【中央・総武線】注目の特別養護老人ホームと介護付有料老人ホーム【まとめ】
評判の高い高齢者施設や老人ホームなど、カテゴリーを問わず高齢者向けの住宅全般を幅広くピックアップし、実際に訪問して詳細にレポートしている「注目施設ウォッチング」シリーズ。
東京都心を東西に貫くJR「中央・総武線」。多摩地域と千葉方面にも延びている路線は多くの人の生活を支えている。新宿駅や東京駅などのターミナル駅だけではなく、吉祥寺駅のような住みたい街として人気の駅も多い。今回は、中央・総武線沿線の特別養護老人ホームと介護付有料老人ホームを紹介する。
地域の福祉拠点として子供から高齢者まで集う総合福祉施設「リバービレッジ杉並」
中央線快速や中央・総武線各駅停車、東京メトロ「丸ノ内線」が乗り入れ利便性の高い「荻窪」駅。
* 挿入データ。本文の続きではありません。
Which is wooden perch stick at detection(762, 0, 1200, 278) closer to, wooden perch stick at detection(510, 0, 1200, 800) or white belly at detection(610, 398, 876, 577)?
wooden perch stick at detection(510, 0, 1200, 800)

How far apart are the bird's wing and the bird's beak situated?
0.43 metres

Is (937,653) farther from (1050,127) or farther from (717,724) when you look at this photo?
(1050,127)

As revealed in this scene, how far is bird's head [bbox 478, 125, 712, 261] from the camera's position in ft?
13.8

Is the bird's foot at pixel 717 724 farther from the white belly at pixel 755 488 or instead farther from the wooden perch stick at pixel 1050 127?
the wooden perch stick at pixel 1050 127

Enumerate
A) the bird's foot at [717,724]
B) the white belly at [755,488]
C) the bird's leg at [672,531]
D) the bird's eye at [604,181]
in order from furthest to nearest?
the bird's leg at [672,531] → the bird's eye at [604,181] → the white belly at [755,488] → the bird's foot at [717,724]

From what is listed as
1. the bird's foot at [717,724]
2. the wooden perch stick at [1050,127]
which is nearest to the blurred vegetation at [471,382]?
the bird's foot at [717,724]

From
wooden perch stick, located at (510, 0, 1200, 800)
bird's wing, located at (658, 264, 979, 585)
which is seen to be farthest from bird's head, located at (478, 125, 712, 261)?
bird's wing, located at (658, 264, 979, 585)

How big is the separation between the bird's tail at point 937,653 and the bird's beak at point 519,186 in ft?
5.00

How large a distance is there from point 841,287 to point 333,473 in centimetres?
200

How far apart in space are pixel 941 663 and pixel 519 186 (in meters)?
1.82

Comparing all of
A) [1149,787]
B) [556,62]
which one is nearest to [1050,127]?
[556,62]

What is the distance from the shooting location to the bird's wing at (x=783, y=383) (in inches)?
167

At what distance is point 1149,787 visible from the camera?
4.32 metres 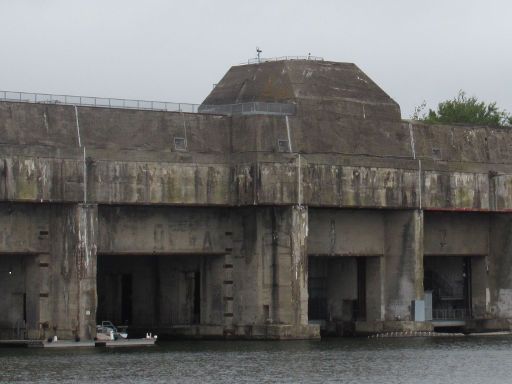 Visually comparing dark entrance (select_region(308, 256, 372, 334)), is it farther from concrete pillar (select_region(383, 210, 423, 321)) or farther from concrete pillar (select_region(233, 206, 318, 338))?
concrete pillar (select_region(233, 206, 318, 338))

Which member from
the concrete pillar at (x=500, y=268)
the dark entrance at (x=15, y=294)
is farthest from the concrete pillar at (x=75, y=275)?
the concrete pillar at (x=500, y=268)

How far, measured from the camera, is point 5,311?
102062 millimetres

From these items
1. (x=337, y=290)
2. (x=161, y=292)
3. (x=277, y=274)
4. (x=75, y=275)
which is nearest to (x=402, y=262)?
(x=337, y=290)

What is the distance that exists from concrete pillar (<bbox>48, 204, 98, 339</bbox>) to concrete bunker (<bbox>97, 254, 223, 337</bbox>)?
10501 mm

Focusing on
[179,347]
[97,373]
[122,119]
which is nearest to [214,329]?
[179,347]

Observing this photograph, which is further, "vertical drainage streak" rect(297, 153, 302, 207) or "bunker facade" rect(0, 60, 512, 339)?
"vertical drainage streak" rect(297, 153, 302, 207)

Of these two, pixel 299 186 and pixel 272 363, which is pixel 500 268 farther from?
pixel 272 363

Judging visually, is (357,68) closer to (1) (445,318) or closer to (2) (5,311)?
(1) (445,318)

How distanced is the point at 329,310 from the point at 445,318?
30.6 ft

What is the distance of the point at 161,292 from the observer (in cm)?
11200

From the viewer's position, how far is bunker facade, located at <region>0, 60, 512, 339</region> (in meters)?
99.6

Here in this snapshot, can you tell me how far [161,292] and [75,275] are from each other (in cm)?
1359

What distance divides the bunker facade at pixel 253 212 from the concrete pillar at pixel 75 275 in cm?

「リバービレッジ杉並」は荻窪駅からバスで7分ほどの場所に2019年3月にオープンした。こちらの施設は総合福祉施設と謳っている通り、特別養護老人ホーム、ショートステイ、小規模多機能型居宅介護、訪問看護の4つの事業が展開され、さらに同じ施設内でカフェと貸し出しスペースを運営している。
リバービレッジ杉並を運営しているのは社会福祉法人「真光会(しんこうかい)」。昭和54年の法人設立以来、東京都青梅市を中心に地域密着で福祉拠点作りに取り組んできたという。現在は18事業で約400人の職員が働いており、子供やパラリンピック選手を対象としたスポーツ事業、無料学習塾の運営など、地域公益事業にも積極的だ。創始者は元々旅館業を営んでいたが、戦後に困窮している高齢者などの様子を見て、私財を元に社会福祉法人を立ち上げたそうだ。蛇足だが、いずれの宗教法人とも関係性はない。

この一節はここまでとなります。